Also with my boat, not sure how good the picture is, but my sheeves on the boom are 8 and 9' back on a 10' boom. So for the most part, as far back as one can get, so it is easier to handle etc.

At the end of the day, not sure there is a right or wrong, just a preference. I would not want an arch like hunter or beneteau use, I would prefer the traveler in the actual cockpit! I do understand the reason for them using an arch. Gets the sheet farther back, for better control, yet keeps the traveler out of the cockpit!

marty


----------



## Brent Swain (Jan 16, 2012)

I sailed my first boat to New Zealand with a traveller, then threw it overboard, and haven't used one since. Too noisy in calms. Padeyes are all you need on a cruising boat. I have plenty of time to vang my main down to the rail, hand rails, the chainplates etc.


----------



## SchockT (May 21, 2012)

Brent Swain said:


> I sailed my first boat to New Zealand with a traveller, then threw it overboard, and haven't used one since. Too noisy in calms. Padeyes are all you need on a cruising boat. I have plenty of time to vang my main down to the rail, hand rails, the chainplates etc.


To noisy? Sounds like you had a pretty crappy traveler. If you cleat both sides the car doesn't move at all, so what could be noisy? I can't imagine giving up such a useful tool for such a minor complaint!

To each his own I guess!


----------



## blt2ski (May 5, 2005)

Shock,

Remember person you are saying is goofy, does not like battens on his main either! So when one has opposite opins as you, better to not worry about there opins! 

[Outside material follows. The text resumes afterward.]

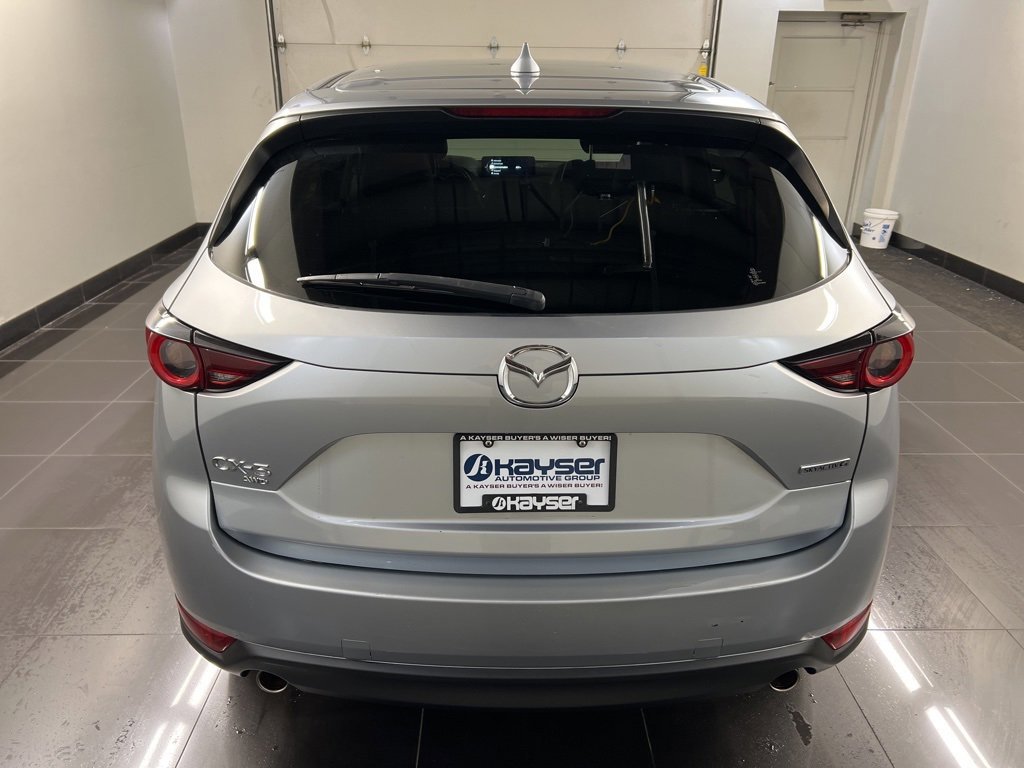 Used 2021 MAZDA CX-5 Touring image 3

I do agree, having a traveler is better than a single point! Even the double side to side sheeting system looks better than a single eye bolt or equal in the middle. remembering my days racing lasers in triple digit hull numbers or the 8' pram I had as a teen on Lk Washington!

Marty


----------



## sailingfool (Apr 17, 2000)

I have generally preferred the cabin-top location for the traveler just for the benefit of opening up the already small cockpit to better carry people. Interestingly, the story below highlights another benefit of getting the mainsheet out of the cockpit - safety.

Sail-World.com : British sail-trainers on trial over injury/dramatic rescue of novices

From the article:
"A 23 year old crew member on board the commercially operated sailing yacht Liquid Vortex was seriously injured when the vessel gybed. The gybe occurred when the yacht was running downwind in the English Channel.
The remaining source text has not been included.